One famous question I have heard when I was new to the IT world and the DBA role, how do I restrict a DBA from having an Administrator role. I had a question which I did not put through for obvious reasons. Why do you want to call him a Database ADMIN when you don’t want to give him ADMIN privileges? The intention of the question raiser is simple. I need transparency (OR I do not trust my DBA). I see how important his question was once I have seen non DBAs and less experienced DBAs having admin access.
One fine day, at one of the companies I worked for, the dev instance was restarted. Upon digging deeper, we found the rat in the hole was a developer with admin access. The reasons for his admin access is old dated and the effects are not justifiable. The argument is always two sided. But, if the decision maker is pro developer, a DBA is helpless. One such incident helps a DBA to prove his word right about limiting access. Moment of accomplishment when you reduce the access to at least a db_owner (I know you want more, but this is just the beginning).
One more argument is to add local administrators to the SQL sys admin role. Readers reading this blog can go back and check your environment. I bet in majority of the cases this will be true in your production servers.

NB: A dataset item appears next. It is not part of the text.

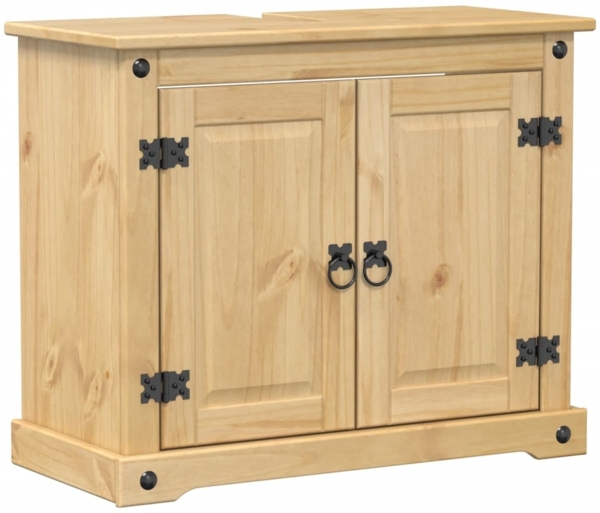 vidaXL Waschbeckenunterschrank Corona 73x33x60 cm Massivholz Kiefer 4002791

I will be brave here and take the name of our nightmare in most cases. If you don’t know how to deal with them, I wish you had a different job. The windows admins/ server admins. They can justify that they should be local administrators on the box where SQL is installed. But, when it comes to SQL, it is my territory. I will make sure that the local admins are removed with an initial argument than to have a dialogue with them every instance. Again, all the best when you deal with this approach.
You can use my script of SQL Server Security Audit to pull the logins and their database level permissions. To summarize, a DBA is the ultimate decision maker to decide who gets what access to the database servers. If you lack the authority, be prepared to deal with the heads that will hold you accountable for all databases under your nose.